==== Record extracts ====
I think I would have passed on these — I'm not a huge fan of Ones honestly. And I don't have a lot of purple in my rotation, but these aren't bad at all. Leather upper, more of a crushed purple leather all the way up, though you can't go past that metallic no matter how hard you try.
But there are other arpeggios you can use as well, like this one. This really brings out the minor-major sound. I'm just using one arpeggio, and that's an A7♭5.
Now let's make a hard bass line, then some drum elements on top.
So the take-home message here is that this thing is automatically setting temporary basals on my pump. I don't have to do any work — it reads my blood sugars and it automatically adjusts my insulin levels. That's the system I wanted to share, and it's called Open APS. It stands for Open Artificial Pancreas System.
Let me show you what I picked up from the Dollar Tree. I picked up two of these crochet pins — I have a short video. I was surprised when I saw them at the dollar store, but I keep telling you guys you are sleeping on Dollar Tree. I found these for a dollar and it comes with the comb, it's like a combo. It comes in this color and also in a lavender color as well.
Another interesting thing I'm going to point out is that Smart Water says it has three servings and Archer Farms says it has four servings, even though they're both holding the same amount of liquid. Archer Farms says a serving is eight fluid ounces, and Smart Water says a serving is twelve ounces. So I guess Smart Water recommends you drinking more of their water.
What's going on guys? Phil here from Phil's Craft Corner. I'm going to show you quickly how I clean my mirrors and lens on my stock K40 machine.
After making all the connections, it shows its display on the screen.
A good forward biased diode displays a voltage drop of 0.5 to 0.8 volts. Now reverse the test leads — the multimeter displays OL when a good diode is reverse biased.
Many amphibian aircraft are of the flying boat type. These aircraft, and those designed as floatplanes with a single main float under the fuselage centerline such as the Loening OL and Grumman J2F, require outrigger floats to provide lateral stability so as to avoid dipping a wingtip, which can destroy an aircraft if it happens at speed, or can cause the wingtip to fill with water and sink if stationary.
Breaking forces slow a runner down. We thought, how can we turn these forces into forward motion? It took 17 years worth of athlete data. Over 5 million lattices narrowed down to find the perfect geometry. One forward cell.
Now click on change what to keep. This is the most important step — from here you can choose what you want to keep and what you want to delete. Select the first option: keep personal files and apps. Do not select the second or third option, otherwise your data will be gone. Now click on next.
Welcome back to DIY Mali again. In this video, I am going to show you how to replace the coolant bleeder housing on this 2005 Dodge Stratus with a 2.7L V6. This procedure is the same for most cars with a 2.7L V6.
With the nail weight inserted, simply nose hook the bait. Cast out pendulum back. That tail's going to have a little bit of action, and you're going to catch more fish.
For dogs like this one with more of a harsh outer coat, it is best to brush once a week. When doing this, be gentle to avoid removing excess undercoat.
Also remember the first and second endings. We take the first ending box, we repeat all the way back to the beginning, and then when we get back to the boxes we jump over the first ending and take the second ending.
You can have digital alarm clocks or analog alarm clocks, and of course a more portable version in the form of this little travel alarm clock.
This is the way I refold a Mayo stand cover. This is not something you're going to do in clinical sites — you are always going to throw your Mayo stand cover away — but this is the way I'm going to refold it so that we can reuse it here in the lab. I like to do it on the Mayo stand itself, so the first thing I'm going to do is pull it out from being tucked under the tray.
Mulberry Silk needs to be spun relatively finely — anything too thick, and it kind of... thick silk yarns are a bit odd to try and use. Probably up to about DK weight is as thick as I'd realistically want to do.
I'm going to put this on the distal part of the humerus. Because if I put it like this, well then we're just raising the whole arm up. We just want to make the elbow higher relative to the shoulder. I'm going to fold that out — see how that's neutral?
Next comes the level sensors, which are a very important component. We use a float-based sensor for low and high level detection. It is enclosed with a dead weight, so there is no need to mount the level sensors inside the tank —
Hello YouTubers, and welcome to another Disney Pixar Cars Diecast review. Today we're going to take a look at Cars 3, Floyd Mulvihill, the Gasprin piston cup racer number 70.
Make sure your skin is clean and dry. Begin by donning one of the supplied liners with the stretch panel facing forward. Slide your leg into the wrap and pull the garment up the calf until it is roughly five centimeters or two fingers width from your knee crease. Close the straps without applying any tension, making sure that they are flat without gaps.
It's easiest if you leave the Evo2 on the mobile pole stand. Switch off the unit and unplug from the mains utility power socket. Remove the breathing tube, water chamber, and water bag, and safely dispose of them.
====
## What you need to do:
Starting with the line that holds "With the nail" and ending with the line that holds "This is the way I refold", retype every line in the data above exactly, and nothing else.

## Answer space:
With the nail weight inserted, simply nose hook the bait. Cast out pendulum back. That tail's going to have a little bit of action, and you're going to catch more fish.
For dogs like this one with more of a harsh outer coat, it is best to brush once a week. When doing this, be gentle to avoid removing excess undercoat.
Also remember the first and second endings. We take the first ending box, we repeat all the way back to the beginning, and then when we get back to the boxes we jump over the first ending and take the second ending.
You can have digital alarm clocks or analog alarm clocks, and of course a more portable version in the form of this little travel alarm clock.
This is the way I refold a Mayo stand cover. This is not something you're going to do in clinical sites — you are always going to throw your Mayo stand cover away — but this is the way I'm going to refold it so that we can reuse it here in the lab. I like to do it on the Mayo stand itself, so the first thing I'm going to do is pull it out from being tucked under the tray.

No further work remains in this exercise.